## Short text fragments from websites
_____
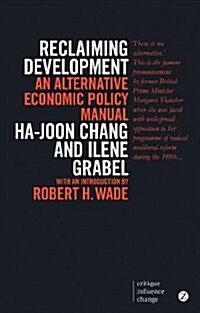 Reclaiming Development : An Alternative Economic Policy Manual (Paperback, 2 ed)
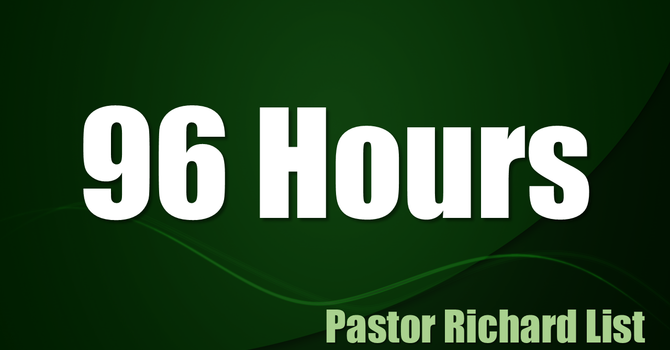 96 Hours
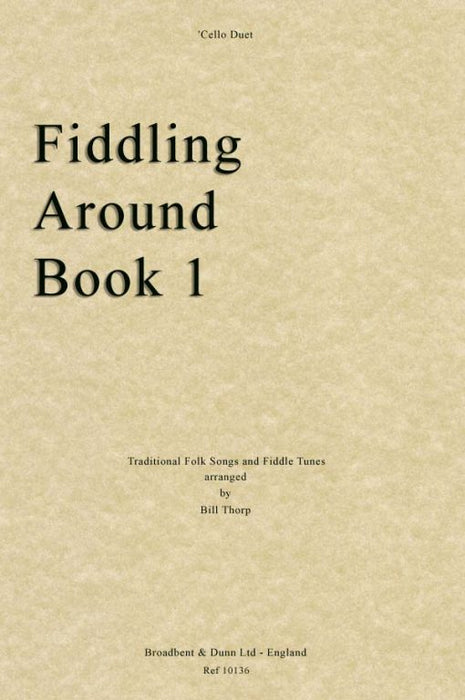 Fiddling Around Volume 1 - 2 Cellos arranged by Thorp Broadbent & Dunn BD10136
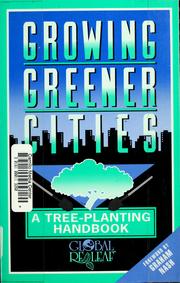 Cover of: Growing greener cities by Gary Moll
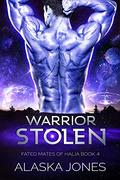 Warrior Stolen: A Sci-Fi Alien Romance (Fated Mates of Halia #4) by Alaska Jones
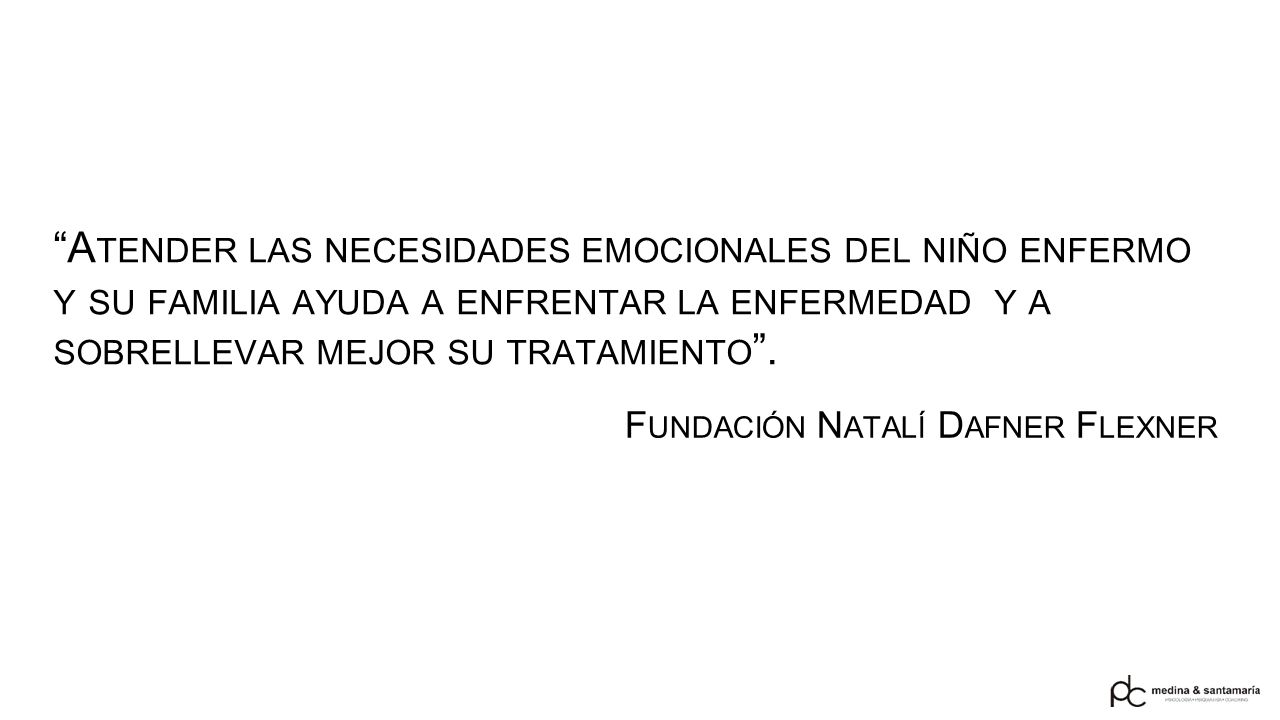 Atender las necesidades emocionales del niño enfermo y su familia ayuda a enfrentar la enfermedad y a sobrellevar mejor su tratamiento .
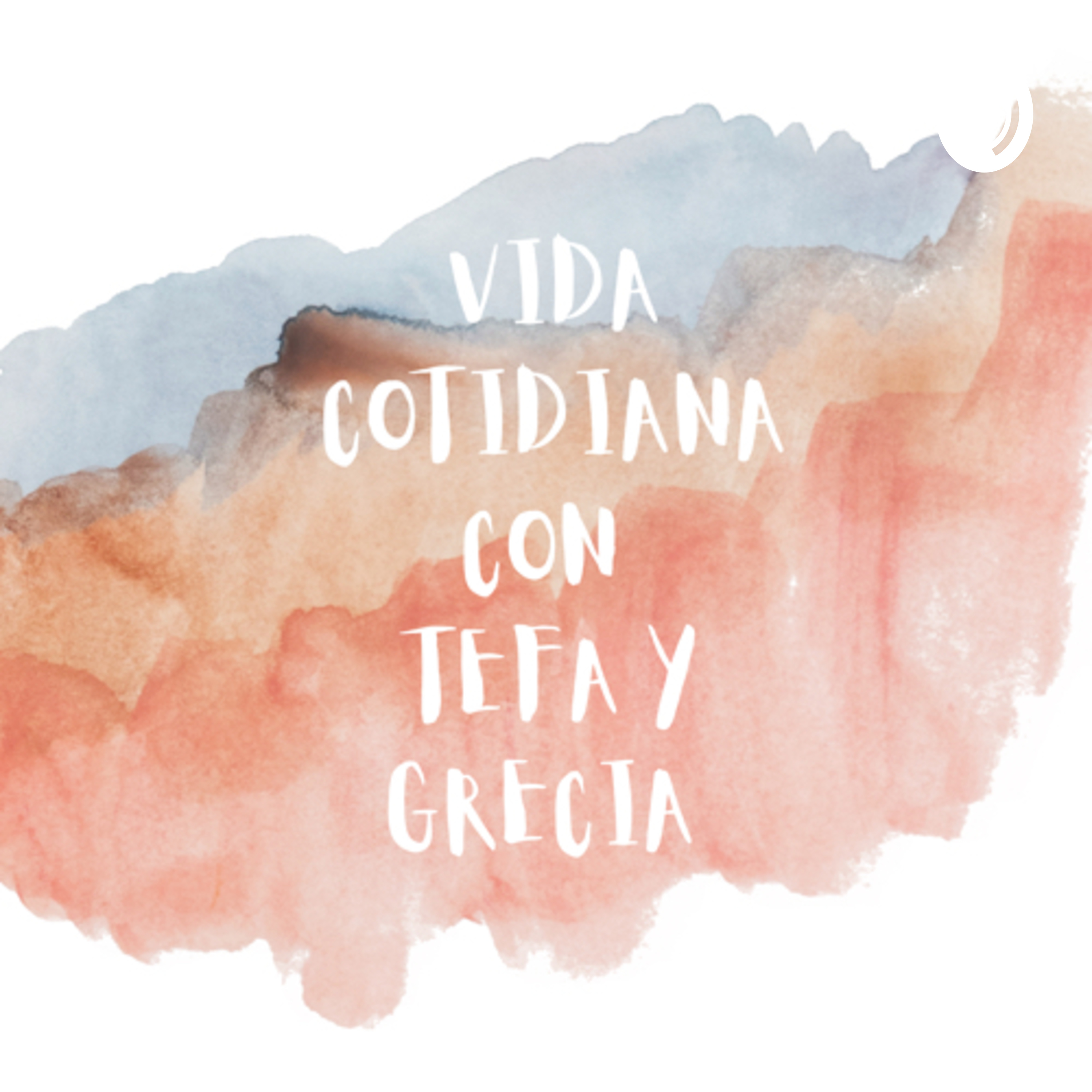 TEMAS COTIDIANOS CON TEFA Y GRECIA. ¿MEJORES AMIGAS?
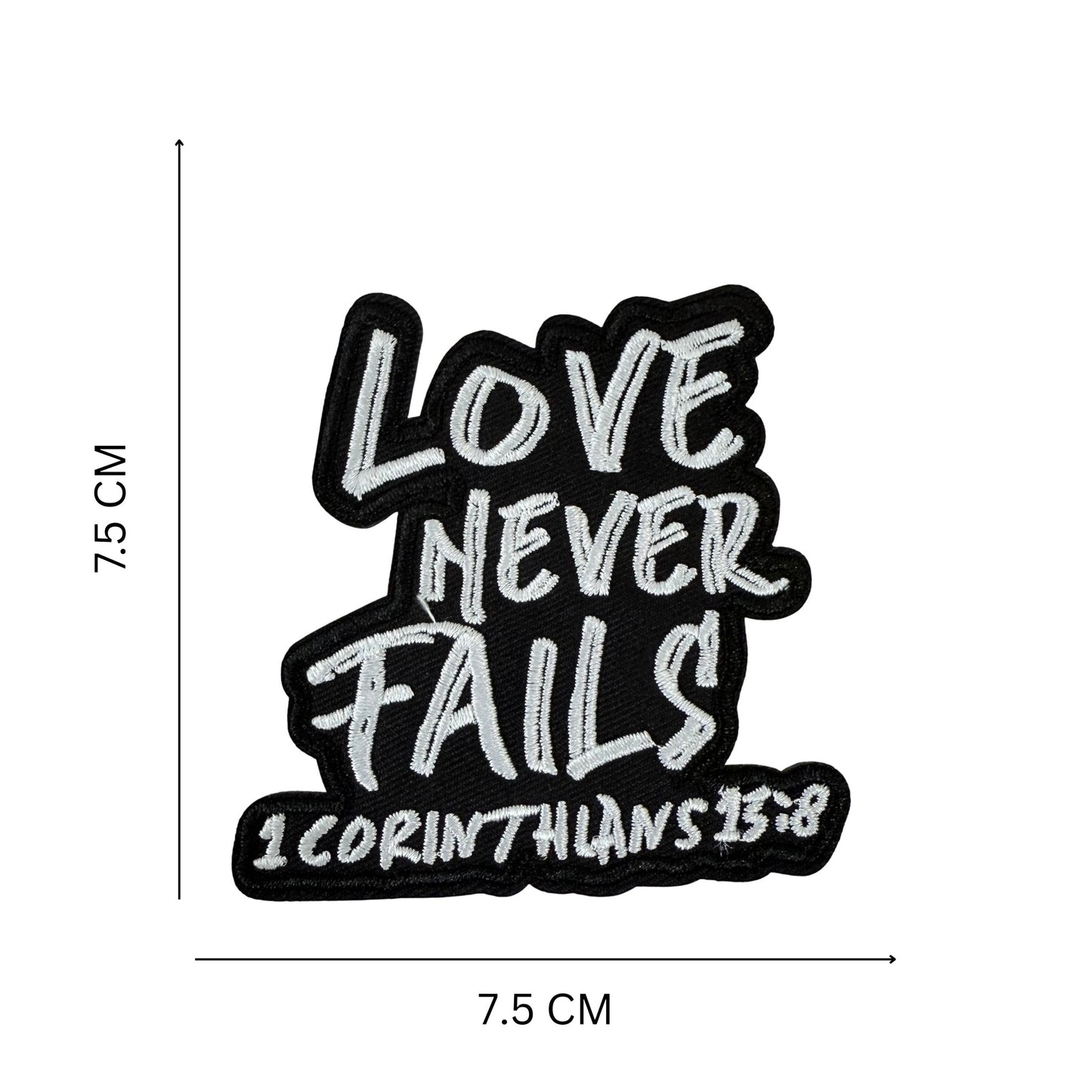 Love Never Fails Embroidered Patch – Easy Iron-On Applique for Denim, Totes, Caps & More (7.5 x 7.5 cm)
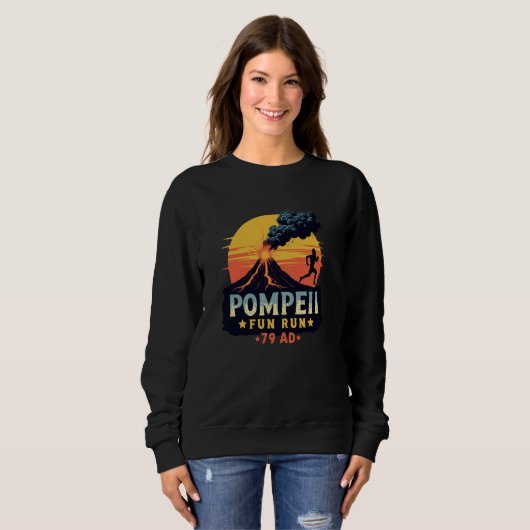 Pompeii Fun Run Funny Geography Volcanologist Volc Sweatshirt (Vorne ganz)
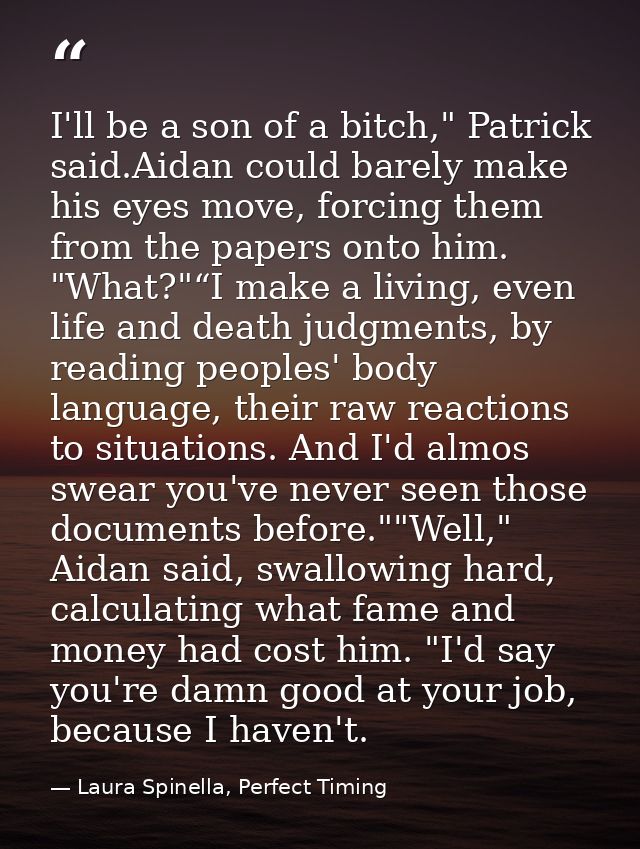 I'll be a son of a bitch," Patrick said.Aidan could barely make his eyes move, forcing them from the papers onto him. "W — Laura Spinella, Perfect Timing
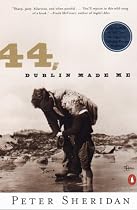 44 Dublin Made Me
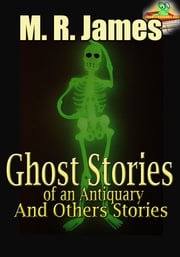 Ghost Stories of an Antiquary, and Others Stories : (5 Works) Classic Novels Montague Rhodes James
_____
## Exercise instructions
Any picture found in the data is to be skipped while the rest is copied exactly.

## Written solution
 Reclaiming Development : An Alternative Economic Policy Manual (Paperback, 2 ed)
 96 Hours
 Fiddling Around Volume 1 - 2 Cellos arranged by Thorp Broadbent & Dunn BD10136
 Cover of: Growing greener cities by Gary Moll
 Warrior Stolen: A Sci-Fi Alien Romance (Fated Mates of Halia #4) by Alaska Jones
 Atender las necesidades emocionales del niño enfermo y su familia ayuda a enfrentar la enfermedad y a sobrellevar mejor su tratamiento .
 TEMAS COTIDIANOS CON TEFA Y GRECIA. ¿MEJORES AMIGAS?
 Love Never Fails Embroidered Patch – Easy Iron-On Applique for Denim, Totes, Caps & More (7.5 x 7.5 cm)
 Pompeii Fun Run Funny Geography Volcanologist Volc Sweatshirt (Vorne ganz)
 I'll be a son of a bitch," Patrick said.Aidan could barely make his eyes move, forcing them from the papers onto him. "W — Laura Spinella, Perfect Timing
 44 Dublin Made Me
 Ghost Stories of an Antiquary, and Others Stories : (5 Works) Classic Novels Montague Rhodes James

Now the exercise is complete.